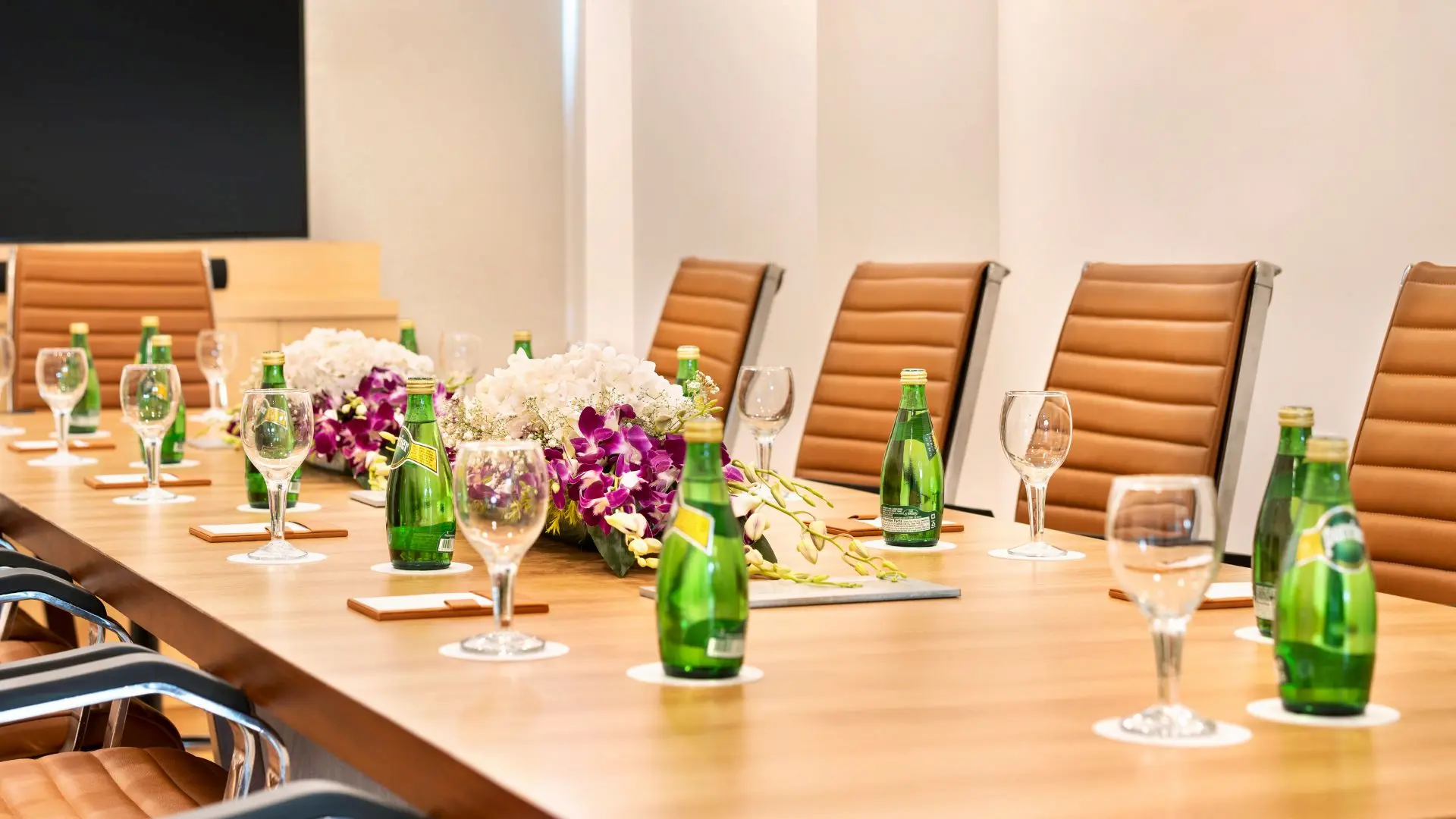 You are currently viewing The Business Traveller’s Wellness Guide: From Boardroom to Spa Room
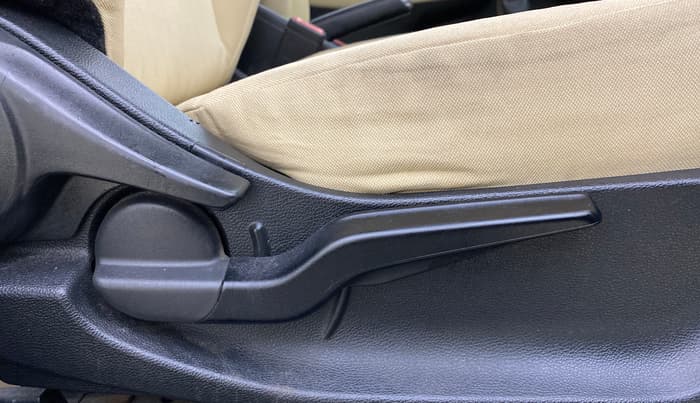 2020 Honda City 1.5L I-VTEC V MT 5TH GEN, Petrol, Manual, 62,875 km, Driver Side Adjustment Panel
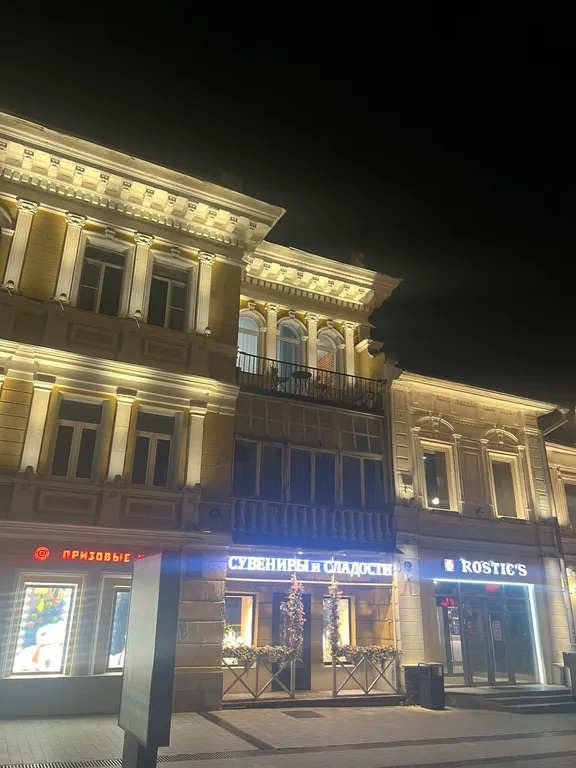 Уютный лофт с историческим балконом на главной улице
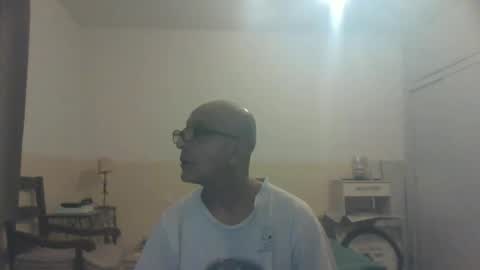 moment71200 online show from 01.04.25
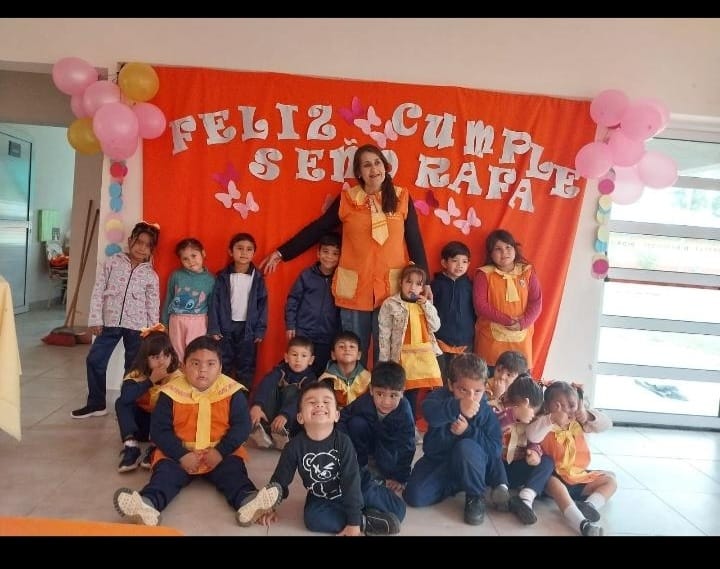 BarbozaMarito's tweet photo. ¡Feliz Día de los Jardines de Infantes y de la Maestra Jardinera! Nuestro más profundo agradecimiento por enseñar, contener y acompañar con tanto amor, dedicación y compromiso a cada uno de nuestros niños y niñas. ¡Gracias por dejar huella en sus corazones! ❤️ https://t.co/YAvoAZDdoG
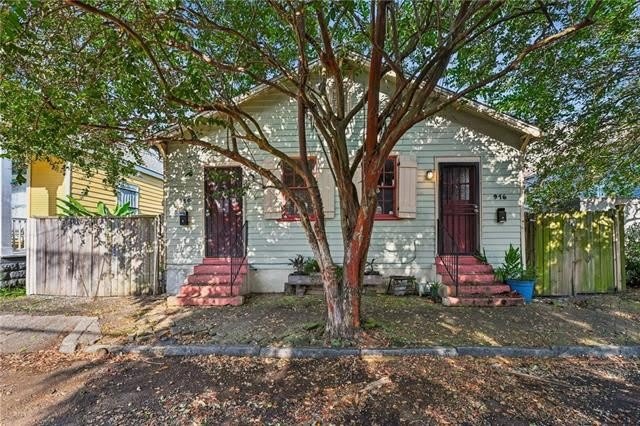 914 CONGRESS Street – photo 1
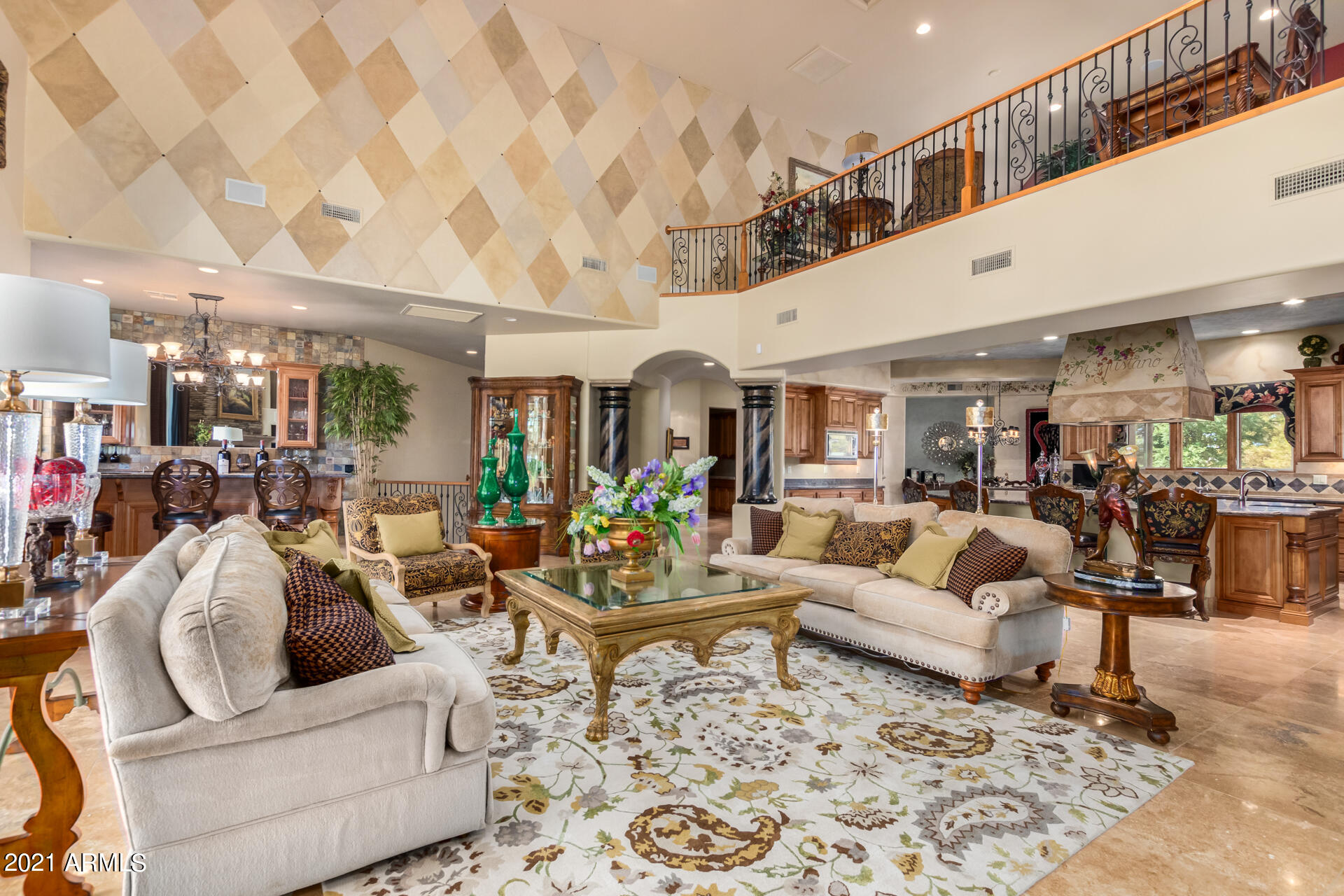 OAKWOOD HILLS ESTATES - Residential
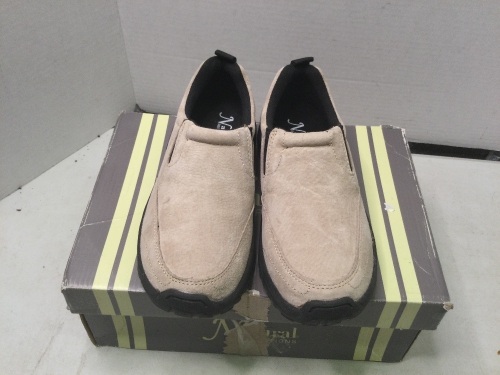 Natural Reflections Suede Mocs, 7.5, Ecommerce Return - Lot 165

*GOAL OF THE EXERCISE*:
Without the pictures, reproduce every line of the records above exactly.

*EXERCISE ANSWER*:
 You are currently viewing The Business Traveller’s Wellness Guide: From Boardroom to Spa Room
 2020 Honda City 1.5L I-VTEC V MT 5TH GEN, Petrol, Manual, 62,875 km, Driver Side Adjustment Panel
 Уютный лофт с историческим балконом на главной улице
 moment71200 online show from 01.04.25
 BarbozaMarito's tweet photo. ¡Feliz Día de los Jardines de Infantes y de la Maestra Jardinera! Nuestro más profundo agradecimiento por enseñar, contener y acompañar con tanto amor, dedicación y compromiso a cada uno de nuestros niños y niñas. ¡Gracias por dejar huella en sus corazones! ❤️ https://t.co/YAvoAZDdoG
 914 CONGRESS Street – photo 1
 OAKWOOD HILLS ESTATES - Residential
 Natural Reflections Suede Mocs, 7.5, Ecommerce Return - Lot 165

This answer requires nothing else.